Study of solar activity with AERA at the Pierre Auger Observatory

TL;DR

This study analyzes 11 years of AERA data at the Pierre Auger Observatory to understand how solar activity impacts radio wave propagation, revealing correlations with solar radio bursts and effects on cosmic-ray detection.

Contribution

It provides the first long-term analysis linking solar activity, radio bursts, and AERA measurements, highlighting the impact on radio-based cosmic-ray detection.

Findings

Detected various solar radio bursts in AERA data.

Found correlation between MUF and broadband noise in 30-40 MHz.
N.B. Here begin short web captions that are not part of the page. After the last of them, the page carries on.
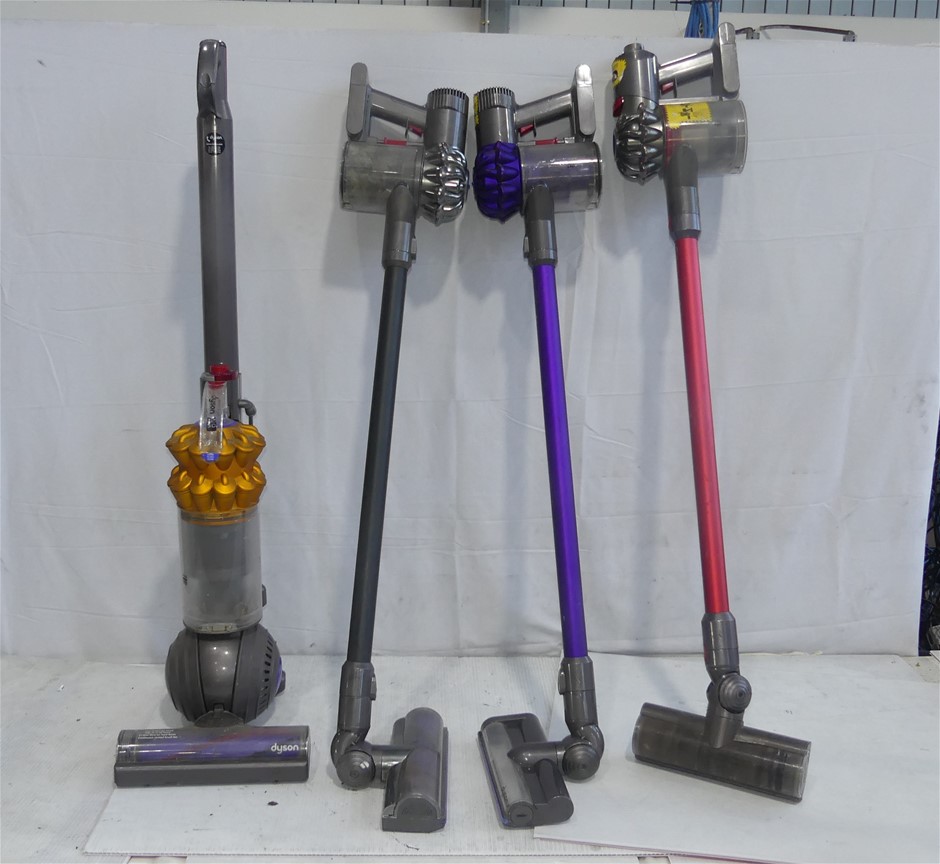 Box of Dyson Assorted Model Damaged Vacuum Cleaners Box Contains Auction (00042553338) Grays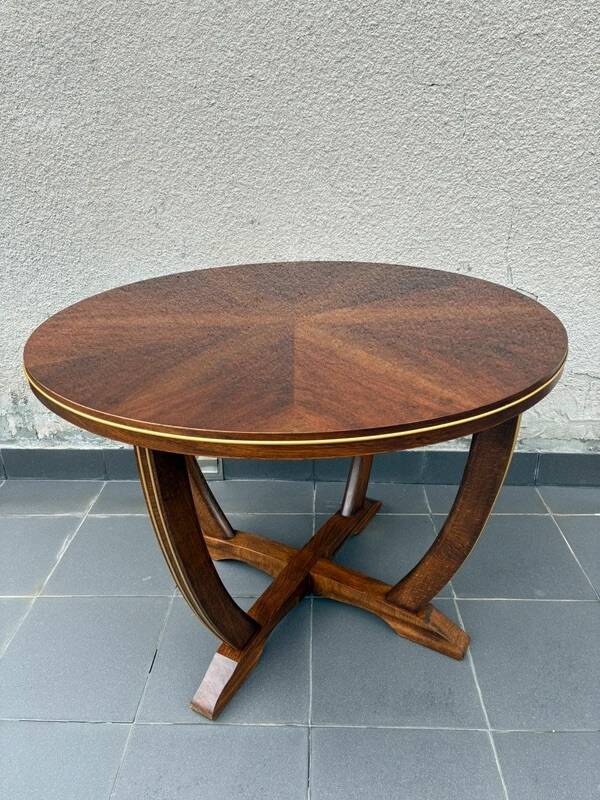 Adolf Wrenger Art Deco Table – Round Wooden Coffee Table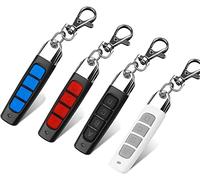 ERISAMO Duplicatore di telecomandi 4 in 1, duplicatore di telecomandi per auto, porte di garage, copia codice fisso e Rolling Code (4 pezzi)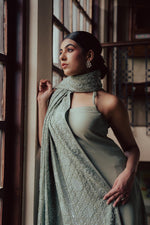Load image into Gallery viewer, Mint Green Chikankari and Zardozi Dupatta
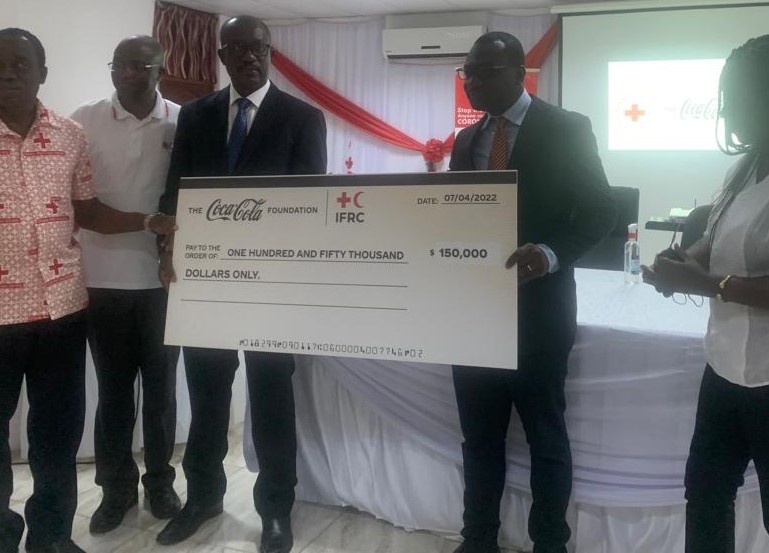 Coca-Cola donates $150,000 to the Ghana Red Cross Society for the vaccine campaign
Observed radio blackouts coinciding with NOAA reports.

Abstract

Solar activity events release vast amounts of energy, including radio waves, X-rays, ultraviolet radiation, and energetic particles, which interact with the ionosphere of the Earth and can disrupt radio wave propagation, affecting radio communications. They can either enhance reflections, improving long-distance terrestrial communications, or cause signal degradation and absorption, respectively, depending on whether the increased ionization affects the upper or lower layers of the ionosphere. In the first case, the solar cycle modulates the Maximum Usable Frequency (MUF), the highest frequency usable for radio communication between two Earth-based points. The Auger Engineering Radio Array (AERA) of the Pierre Auger Observatory was developed to measure the radio emission from extensive air showers in the $30-80$ MHz band. We examine the impact of solar activity on AERA data collected over approximately 11 years. We report the detection of different types of solar radio bursts and we investigate how increased solar radiation - particularly in the X-ray and extreme ultraviolet bands - also affects measurements in the AERA energy band. Our results show a remarkable correlation between the MUF and the broadband noise observed in the $30-40$ MHz frequency range. Radio blackouts are also observed in AERA spectrograms in coincidence with those reported by the National Oceanic and Atmospheric Administration (NOAA). Additionally, we performed a search for temporal coincidences between AERA data and independent observations of solar radio burst events from the e-CALLISTO network and the SWAVES instrument. These findings highlight the complex interplay between solar activity and radio wave propagation, which is also relevant for cosmic-ray detection.